Subsurface Antarctic waters (deeper than 200m) have warmed in line with global
trends, with the Circumpolar Deep Water (CDW) responsible for most of the melting
of ice shelves has been increasing in temperature at an even faster rate (Bintanja et
al., 2013). As CDW continuous to warm, it significantly increases the basal ice shelf
melt rate as it reaches the continental shelves. The Amundsen and Bellingshausen
Seas in West Antarctica is the area where most of the melting occurs, with observed
ice mass losses of between 250Gt and 350Gt per year (Bintanja et al., 2013, Rye et
al., 2014, Rignot and Jacobs, 2002). However, surface waters have been cooling in
most of Antarctica, with the exception of the Bellingshausen Sea (Bintanja et al.,
2013). This cooler surface is the result of basal melting as melt water is fresher and
cooler, therefore less dense than surrounding waters, so it tends to accumulate in
the top layer. Differences in density and temperature between the surface and
subsurface layers lead to a more stratified water column where less convective
mixing and heat exchange occurs (Bintanja et al., 2013, Hellmer, 2004, Rignot and
Jacobs, 2002). As the top layer is cooler and stable, it is more effective cooled by the
atmosphere and sea ice formation results (Bintanja et al., 2013).
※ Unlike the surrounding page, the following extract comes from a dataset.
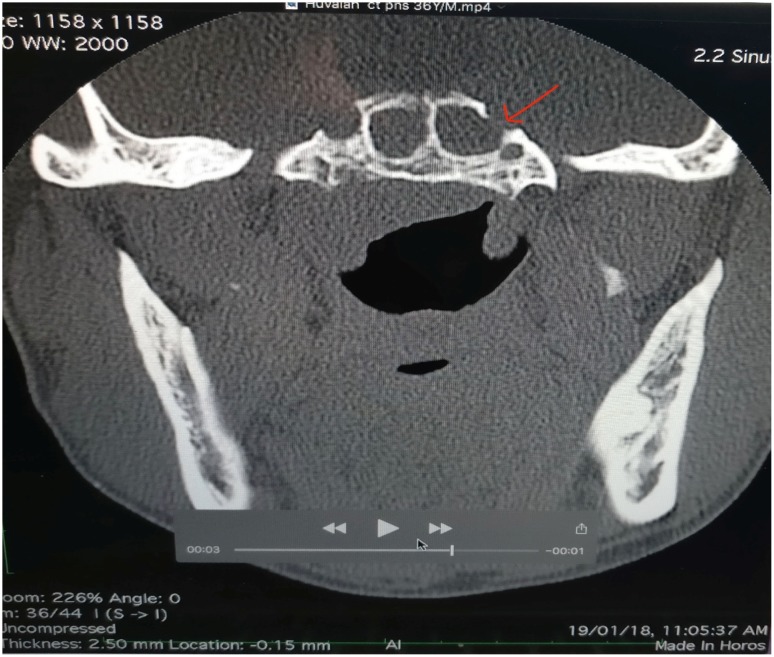 Fig. 2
To test the freshwater input hypothesis, 10 years worth of data from an ocean
circulation model with two freshwater runoff levels was analyzed. Preliminary
findings are reported below.
Methods
Results from a global ocean circulation model used by Rye et al. (2014) were
analyzed. This simulation used the NEMO (Nucleus for European Modeling of the
Ocean) model with a 1° resolution tri-polar grid (ORCA1). The simulation covered a
total of 15 years (1992-2007) with one control and two experimental runs. The
control run used freshwater input levels similar to those recorded in Antarctica, while
the experiments had a higher than observed freshwater flux of 270 and 900 Gt/year
respectively, which was applied on the surface on a 8° by 2° area centered on the
Amundsen-Bellingshausen continental shelves. All experiments were subjected to
the same conditions, so any observed changes are a result of changes in freshwater
input levels. More information can be obtained from the Supplementary Methods in
Rye et al. (2014).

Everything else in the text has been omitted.